Entre l’excision, les éléments, l’esclavage ou l’exploration de nos imaginaires, les 6 artistes béninois et la gabonaise, qui prennent part à l’exposition «Essence et Résilience» qu’abrite le siège d’Innov Africa, ont donné leur contribution au thème de cette année, «I Ndaffa #» (Forger).Par Mame Woury THIOUBOU
– La scène se passe de mots. En pleine forêt tropicale, deux jeunes femmes sont assises à même le sol, jambes écartées. Une matrone officiant entre celles-ci pour leur faire subir une excision. L’image a été découverte par l’artiste gabonaise, Owanto, dans des affaires appartenant à sa famille. Choquée et interpellée par cette pratique, elle s’empare de ces images d’un autre temps certes, mais qui documentent une pratique encore en cours, pour la déconstruire et la dénoncer. «En tant que femme et mère, et en tant qu’artiste, je comprends que ces choses qui sont tombées dans mes mains ne sont pas là par hasard. Au lieu de les retourner dans le tiroir de l’oubli, je décide de les révéler au grand public», raconte l’artiste dont la participation à l’exposition Essence et Résilience qu’accueille le siège d’Innov Africa, sur une initiative de la fondatrice de la chaîne Edan, tourne autour de ce fléau qui touche encore 200 millions de femmes à travers le monde. Pendant le temps de la biennale, ce parcours off réunit, en un même lieu, 6 artistes béninois et une gabonaise. Cette dernière a axé son travail sur la dénonciation de l’excision. Des installations visuelles et sonores et des tableaux pour apporter plus de forces à toutes ces voix qui disent «Non à l’excision» en 24 langues. L’artiste Owanto propose ainsi une démarche en plusieurs actes intitulée Flowers. Sur Flowers V, une toile monochrome en rose, au centre de laquelle une belle fleur attire l’attention. «Ces fleurs en porcelaine froide représentent la beauté, la fragilité et la renaissance de la femme. C’est une invitation à regarder et résoudre ce problème», souligne-t-elle. «Flowers est une excursion sensible dans le monde féminin de l’excision. Elle transcende l’expérience douloureuse de l’ablation, en magnifiant le corps soustrait de la femme avec ces fleurs en porcelaine posées sur le visage en souffrance ou sur les parties génitales mutilées. Ces fleurs délicates incarnent la beauté́, la douceur, la renaissance et la résilience», écrit à ce propos l’initiatrice de l’exposition, Eveline Diatta-Accrombessi.

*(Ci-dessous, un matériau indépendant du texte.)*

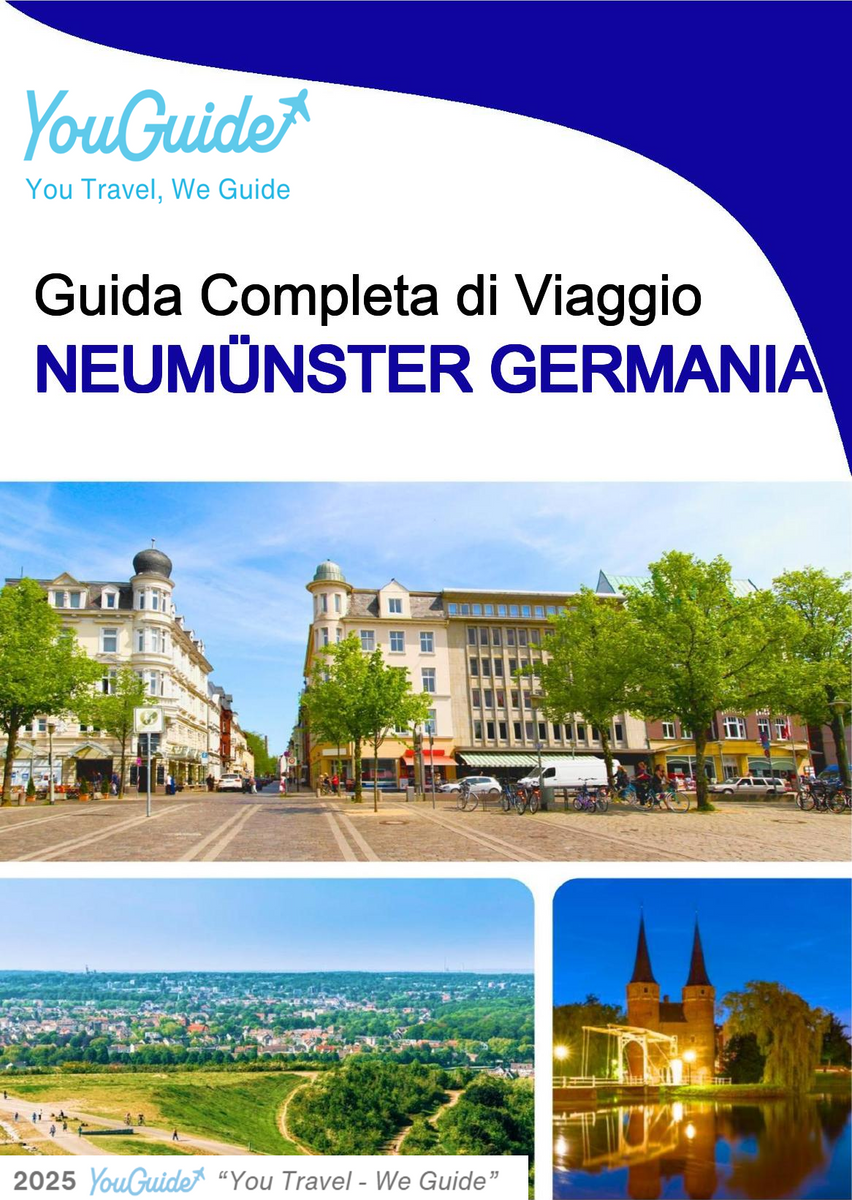 The city trip guide for Neumünster (Germany)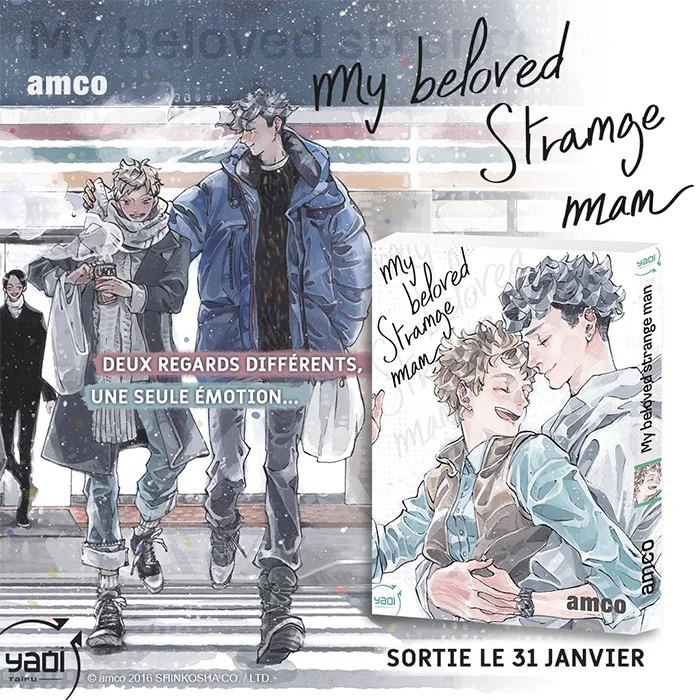 manga : My beloved strange man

A côté de cette proposition de l’artiste gabonaise, 6 artistes béninois, Julien Sinzogan, Dominique Zinkpe, Eliane Aisso, Eric Mededa, Soniart et Tchif, ouvrent leur imaginaire sur des tableaux ou sculptures. Sur la série que Zinkpe présente, entre sculpture et proposition picturale, l’artiste a axé son travail sur des questions existentielles. «L’âme et l’esprit ressembleraient à quoi ? Sur mes peintures, je cherche à m’approcher de cela puisqu’une photographie ne pourrait pas le faire. Mais moi, avec mes peintures, je cherche à accéder à cela», explique l’artiste en face d’une de ses toiles.
Cette réflexion sur l’identité africaine se retrouve dans chacune des œuvres présentées dans cette exposition. Quand Tchiff propose une symphonie de couleurs dans un travail axé sur les éléments, la jeune Soniart documente sa vie quotidienne, tandis que Sinzogan remonte le temps pour évoquer cette blessure encore béante qu’est l’esclavage. Au total, ces 7 artistes proposent un parcours authentique et diffèrent sur l’identité africaine, mais installent également des ponts entre les pays.